Otto Bauer

Die Nationalitätenfrage und die Sozialdemokratie


I. Die Nation


§ 1. Der Nationalcharakter


Die Wissenschaft hat bisher die Nation den Lyrikern, den Feuilletonisten, den Rednern in der Volksversammlung, im Parlament, am Biertisch fast ausschließlich überlassen. In einer Zeit großer nationaler Kämpfe haben wir kaum erst die ersten Ansätze zu einer befriedigenden Theorie des Wesens der Nation. Und doch bedürfen wir einer solchen Theorie. Wirkt doch auf uns alle die nationale Ideologie, die nationale Romantik ein, sind doch unter uns wenige, die auch nur das Wort deutsch auszusprechen vermöchten, ohne dass dabei ein merkwürdiger Gefühlston mitschwingen würde. Wer die nationale Ideologie verstehen und wer sie kritisieren will, kann der Frage nach dem Wesen der Nation nicht ausweichen.

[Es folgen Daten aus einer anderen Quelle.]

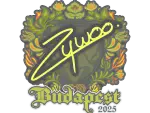Sticker | ZywOo | Budapest 2025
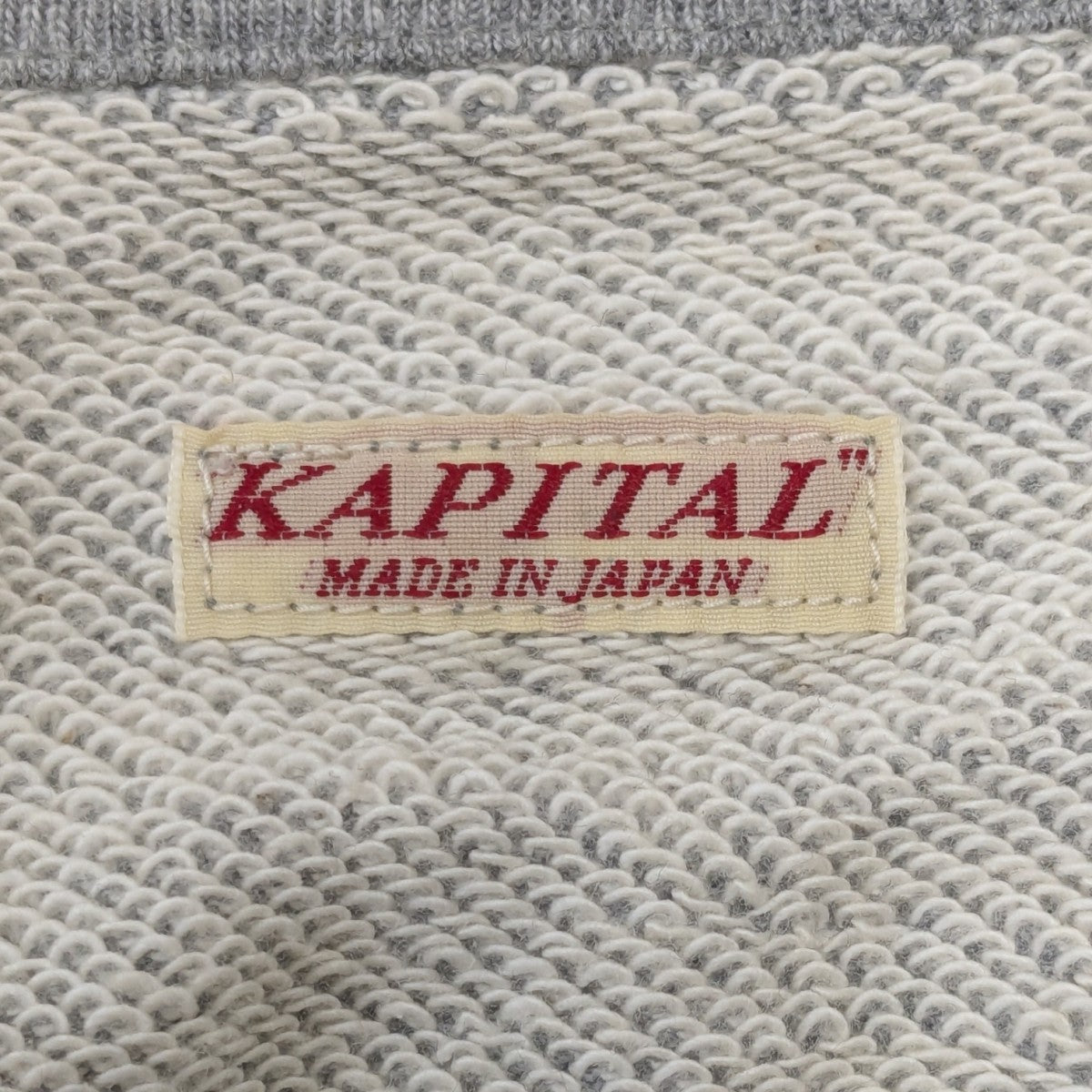 ハーフジップスウェット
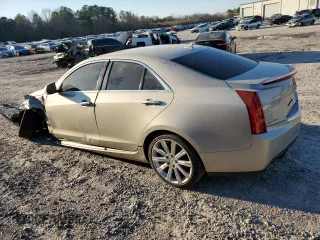 2014 Cadillac ATS Luxury AWD with VIN 1G6AH5RX9E0117273, listed as a Copart auction lot 46536525 with 126,518 mi miles and Salvage title. Bid and sale history available at DreamBid. Image 2.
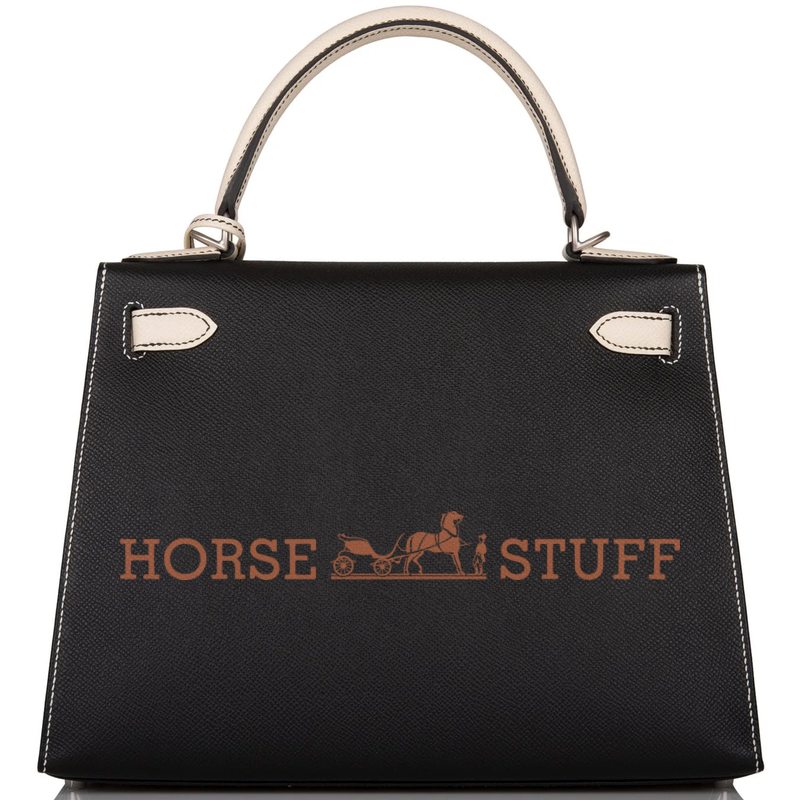 Hermès Kelly Sellier 28 Special Order HSS Black / Craie Epsom BPHW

Bagehot sagt, die Nation sei eine Jener vielen Erscheinungen, von denen wir wissen, was sie sind, so lange wir nicht gefragt werden, die wir aber nicht kurz und bündig erklären können. [1] Aber damit kann sich die Wissenschaft nicht begnügen; sie kann auf die Frage nach dem Begriff der Nation nicht verzichten. wenn sie von der Nation sprechen will. Und diese Frage ist nicht so leicht zu beantworten, wie es flüchtigem Blicke vielleicht scheint. Ist die Nation eine Gemeinschaft von Menschen gleicher Abstammung: Aber die Italiener stammen von Etruskern, Römern, Kelten, Germanen, Griechen und Sarazenen, die heutigen Franzosen von Galliern, Römern, Briten und Germanen, die heutigen Deutschen von Germanen, Kelten und Slaven ab. Ist es die Gemeinschaft der Sprache, die die Menschen zu einer Nation vereint.“ Aber Engländer und Iren, Dänen und Norweger, Serben und Kroaten sprechen dieselbe Sprache und sind darum doch nicht ein Volk; die Juden haben keine gemeinsame Sprache und sind darum doch eine Nation. Ist es das Bewusstsein der Zusammengehörigkeit, das die Nation zusammenschließt? Aber soll der Tiroler Bauer darum kein Deutscher sein, weil er sich der Zusammengehörigkeit mit Ostpreußen und Pommern, Thüringern und Elsässern nie bewusst geworden? Und dann: Was ist es, dessen sich der Deutsche bewusst wird, wenn er sich seines Deutschtums erinnerte? Was macht ihn zur deutschen Nation zugehörig, mit den anderen Deutschen zusammengehörig.? Erst muss doch wohl ein objektives Merkmal der Zusammengehörigkeit da sein, ehe man sich dieser Zusammengehörigkeit bewusst werden kann.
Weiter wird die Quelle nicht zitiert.